Material for this exercise –
=-=-=

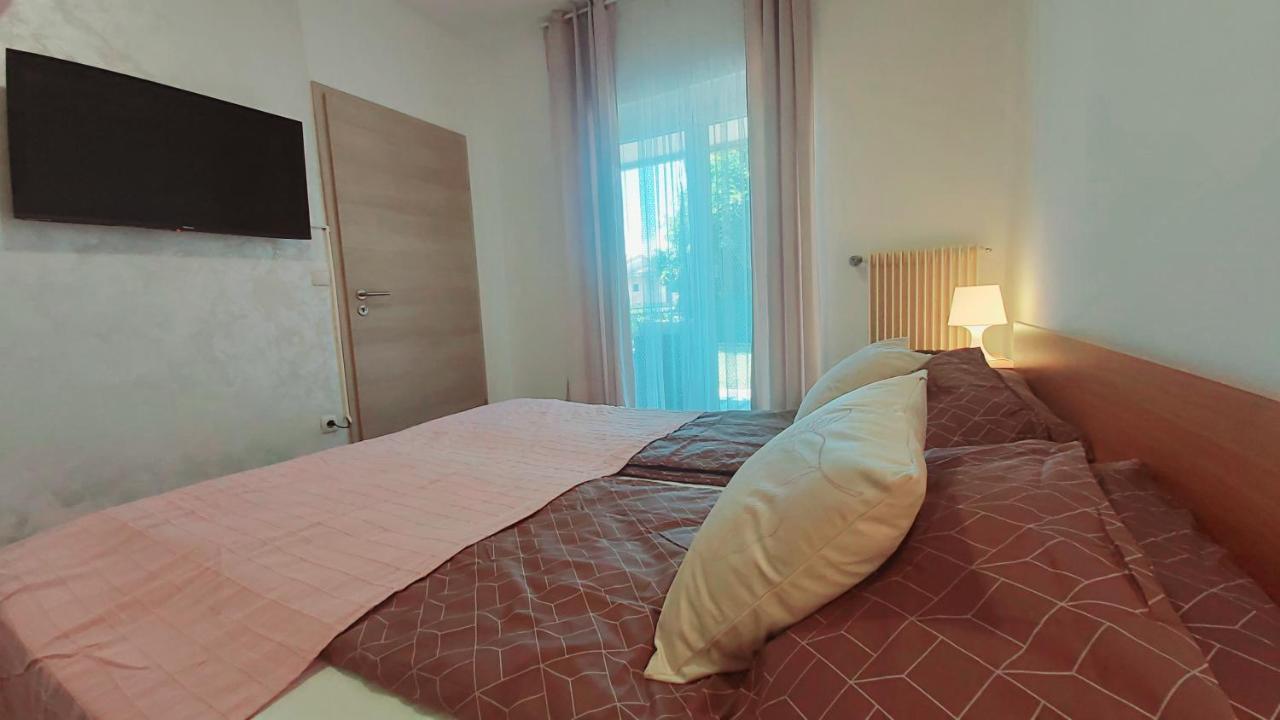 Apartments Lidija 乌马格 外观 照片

=-=-=

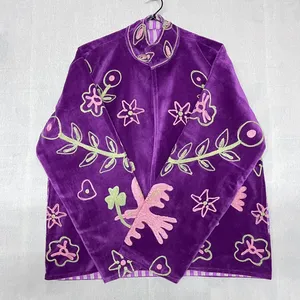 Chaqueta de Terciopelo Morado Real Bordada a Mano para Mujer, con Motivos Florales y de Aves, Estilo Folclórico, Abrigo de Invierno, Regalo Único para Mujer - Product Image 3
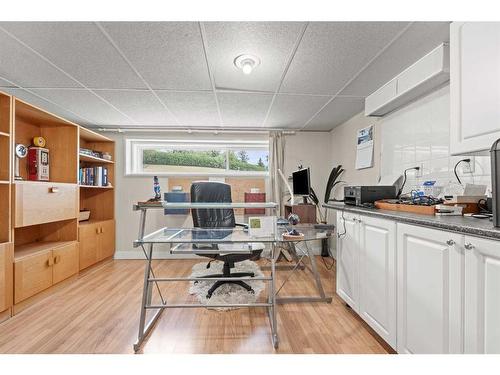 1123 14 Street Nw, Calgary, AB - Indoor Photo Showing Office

=-=-=

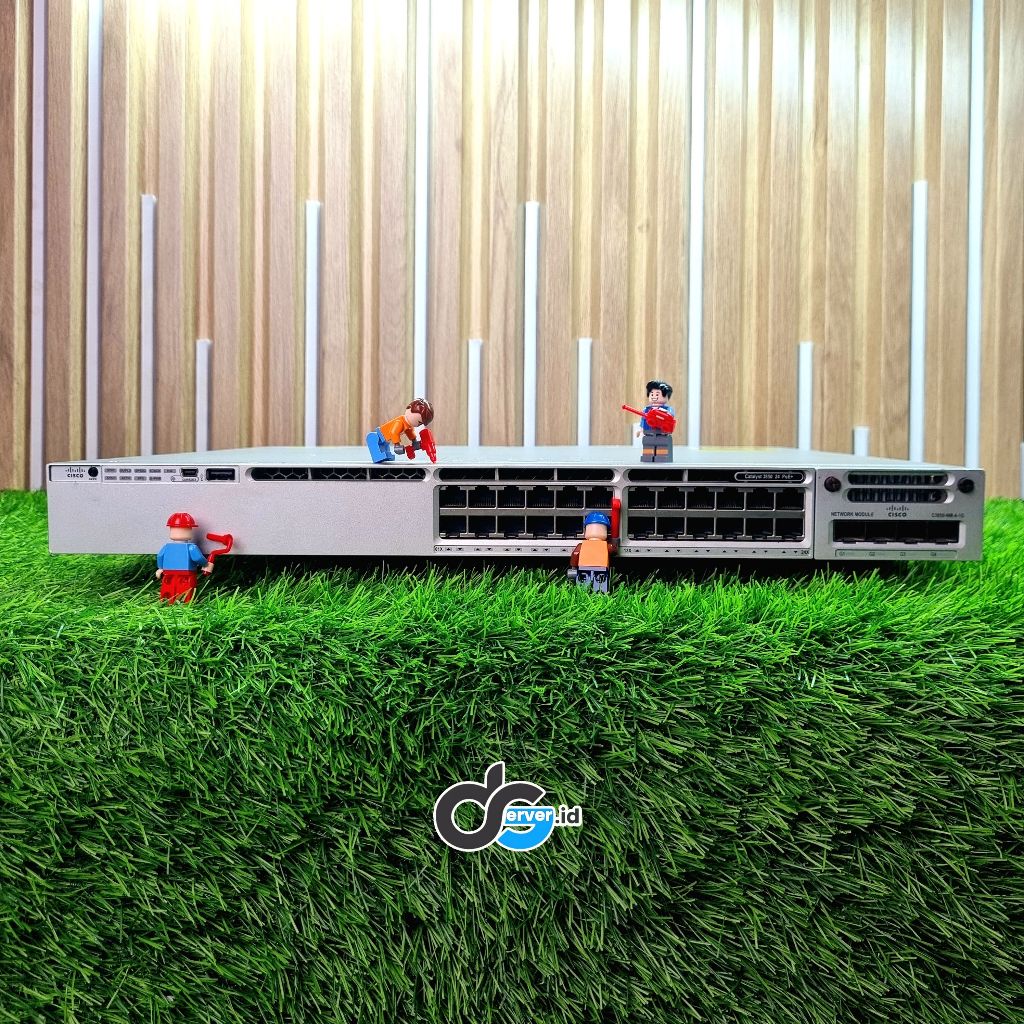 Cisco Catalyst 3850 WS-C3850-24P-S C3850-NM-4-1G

=-=-=

What you have to do –
Starting at the line containing "Chaqueta de Terciopelo" and stopping at the line containing "1123 14 Street", output every line above exactly, both ends included, with pictures omitted.

Task output –
 Chaqueta de Terciopelo Morado Real Bordada a Mano para Mujer, con Motivos Florales y de Aves, Estilo Folclórico, Abrigo de Invierno, Regalo Único para Mujer - Product Image 3
 1123 14 Street Nw, Calgary, AB - Indoor Photo Showing Office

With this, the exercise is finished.